What the task requires: Please repeat the whole listing exactly, but leave the pictures out.

Information supplied:
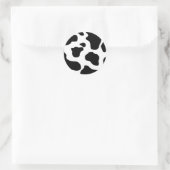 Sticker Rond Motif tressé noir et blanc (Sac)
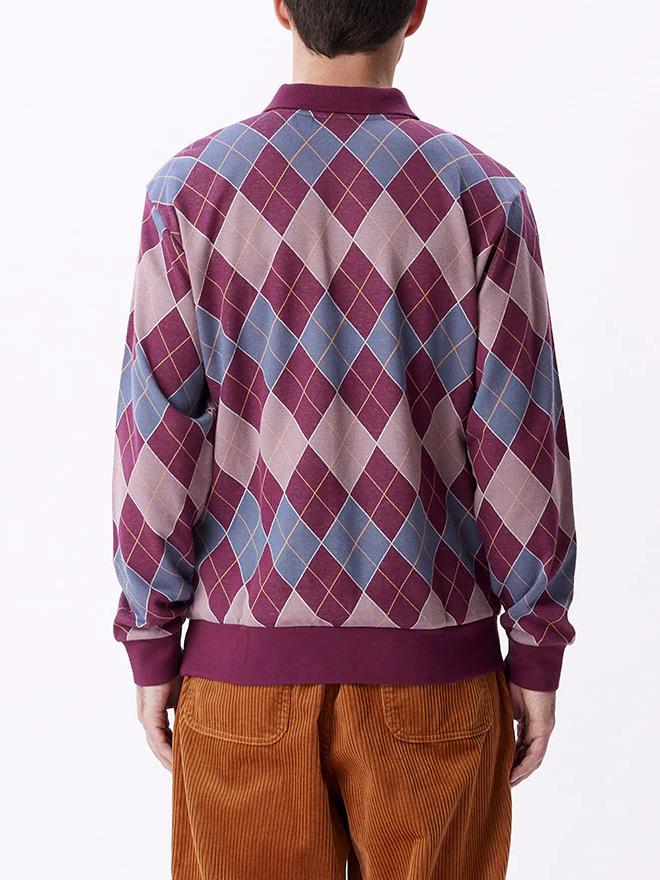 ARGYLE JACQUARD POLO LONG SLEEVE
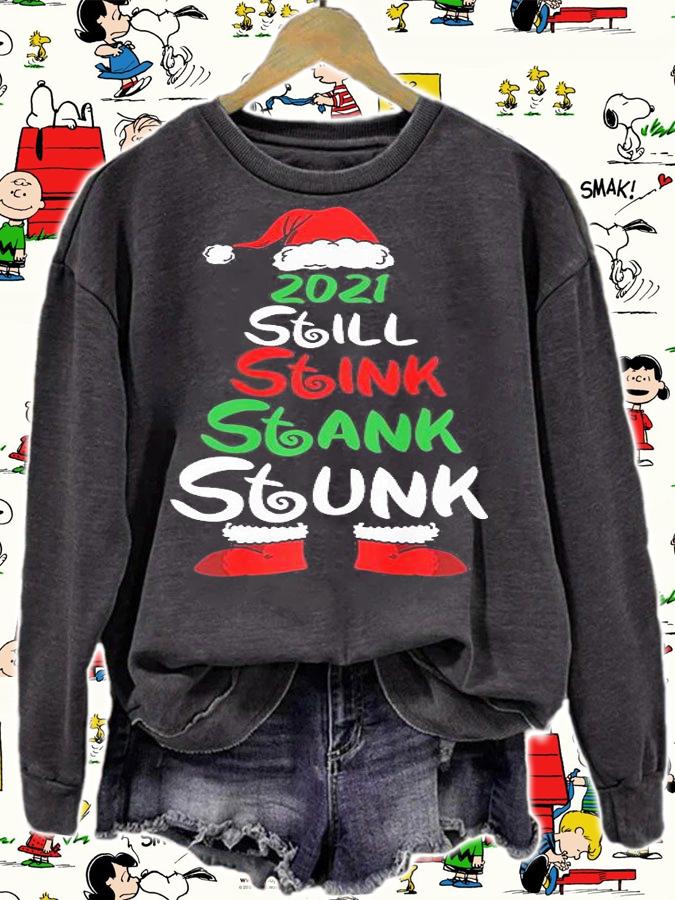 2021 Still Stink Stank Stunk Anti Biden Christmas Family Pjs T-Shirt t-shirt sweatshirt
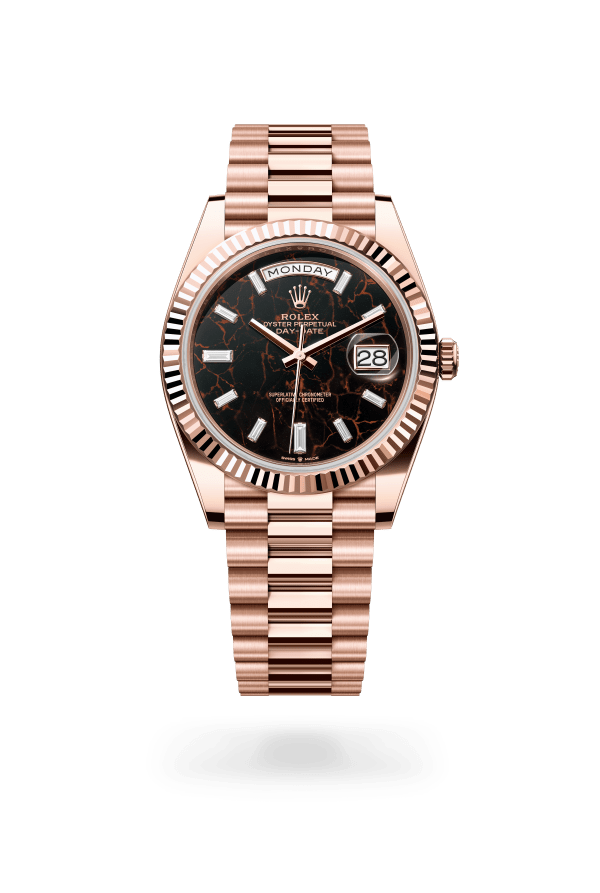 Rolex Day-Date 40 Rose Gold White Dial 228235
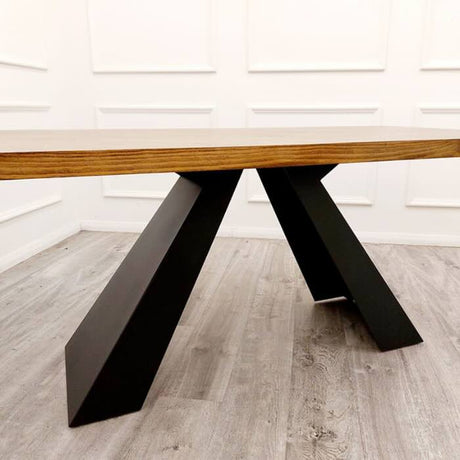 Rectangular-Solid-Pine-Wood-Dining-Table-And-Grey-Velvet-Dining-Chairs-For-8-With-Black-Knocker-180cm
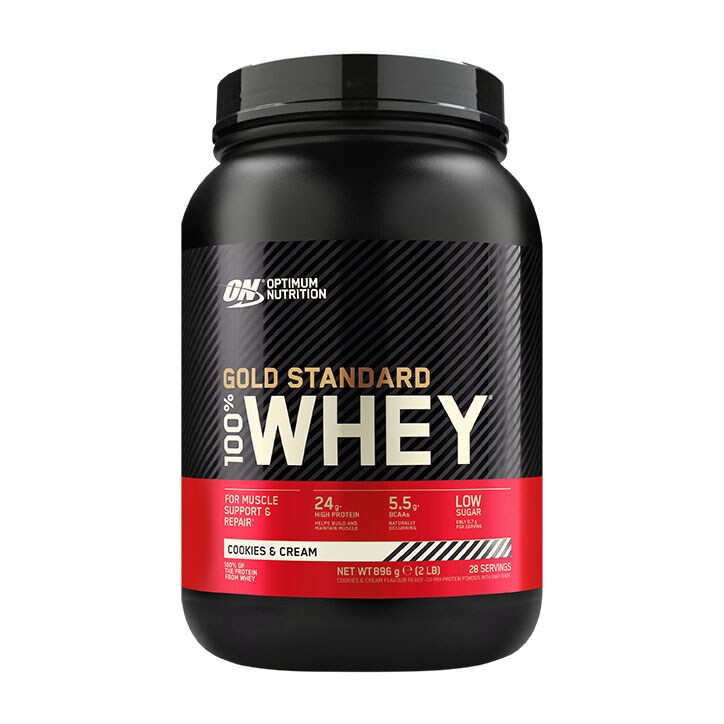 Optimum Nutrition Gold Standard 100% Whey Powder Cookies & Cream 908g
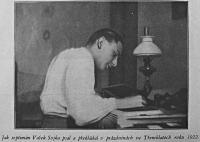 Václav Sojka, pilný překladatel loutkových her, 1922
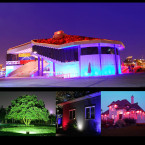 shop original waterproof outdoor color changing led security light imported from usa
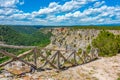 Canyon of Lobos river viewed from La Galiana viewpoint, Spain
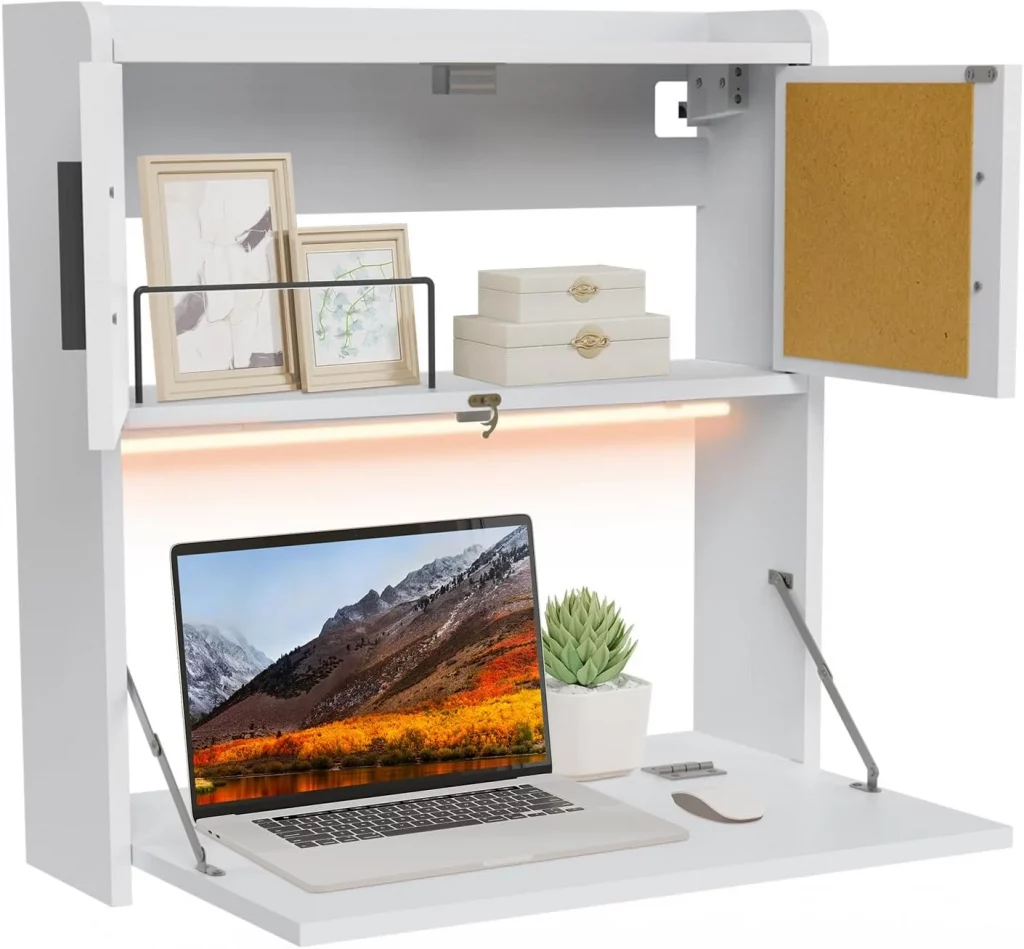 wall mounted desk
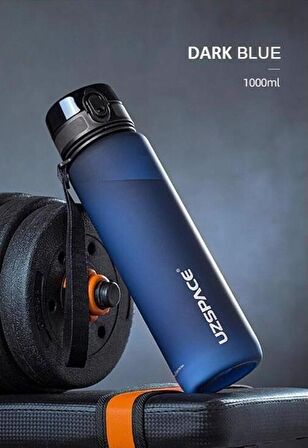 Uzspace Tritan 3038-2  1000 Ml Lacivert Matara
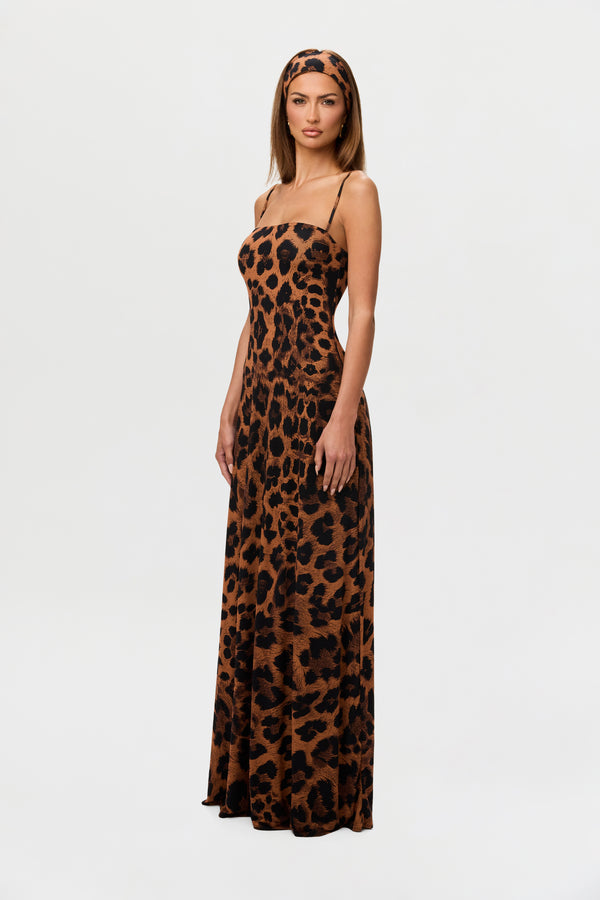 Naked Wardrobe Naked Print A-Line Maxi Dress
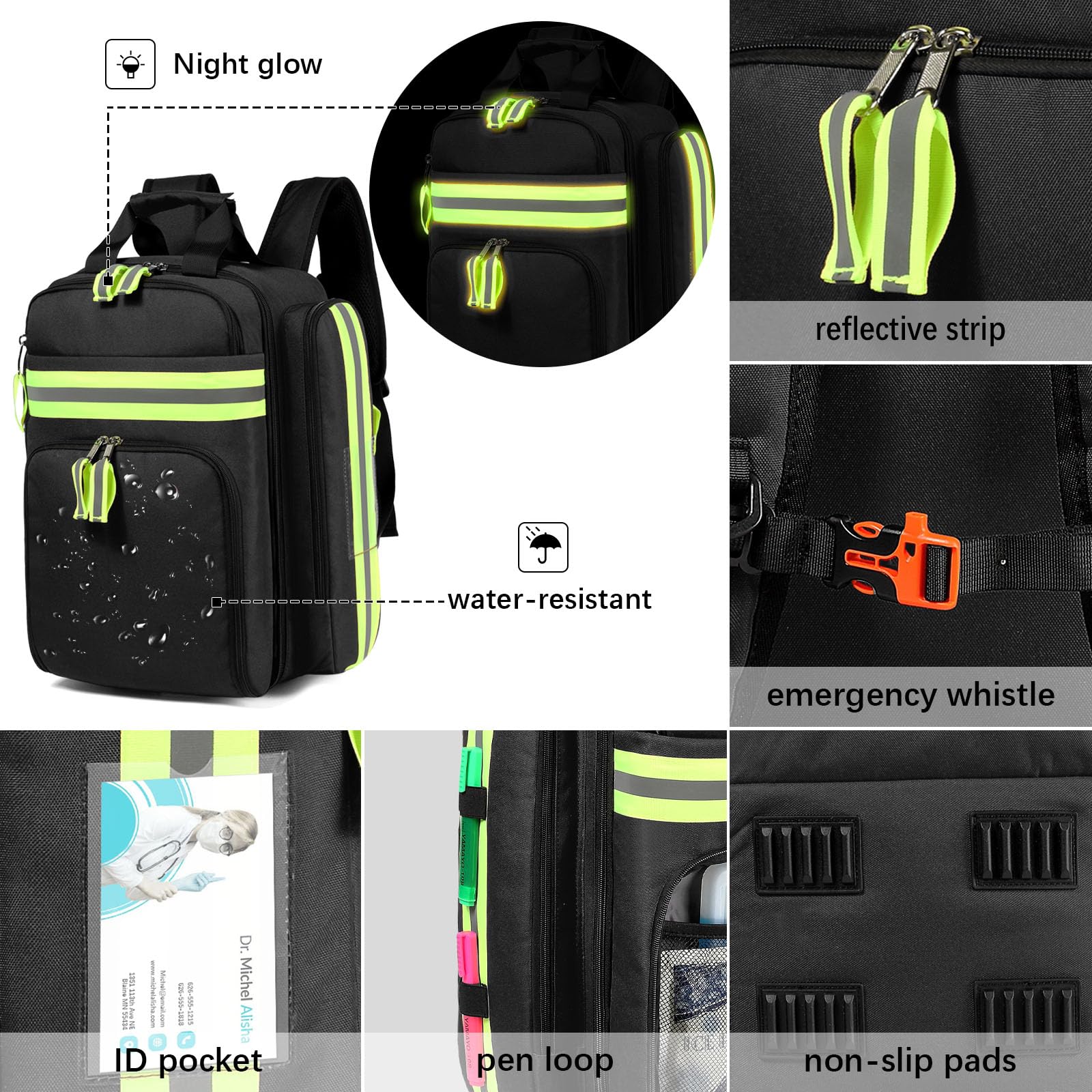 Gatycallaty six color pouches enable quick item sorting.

Exercise answer:
 Sticker Rond Motif tressé noir et blanc (Sac)
 ARGYLE JACQUARD POLO LONG SLEEVE
 2021 Still Stink Stank Stunk Anti Biden Christmas Family Pjs T-Shirt t-shirt sweatshirt
 Rolex Day-Date 40 Rose Gold White Dial 228235
 Rectangular-Solid-Pine-Wood-Dining-Table-And-Grey-Velvet-Dining-Chairs-For-8-With-Black-Knocker-180cm
 Optimum Nutrition Gold Standard 100% Whey Powder Cookies & Cream 908g
 Václav Sojka, pilný překladatel loutkových her, 1922
 shop original waterproof outdoor color changing led security light imported from usa
 Canyon of Lobos river viewed from La Galiana viewpoint, Spain
 wall mounted desk
 Uzspace Tritan 3038-2  1000 Ml Lacivert Matara
 Naked Wardrobe Naked Print A-Line Maxi Dress
 Gatycallaty six color pouches enable quick item sorting.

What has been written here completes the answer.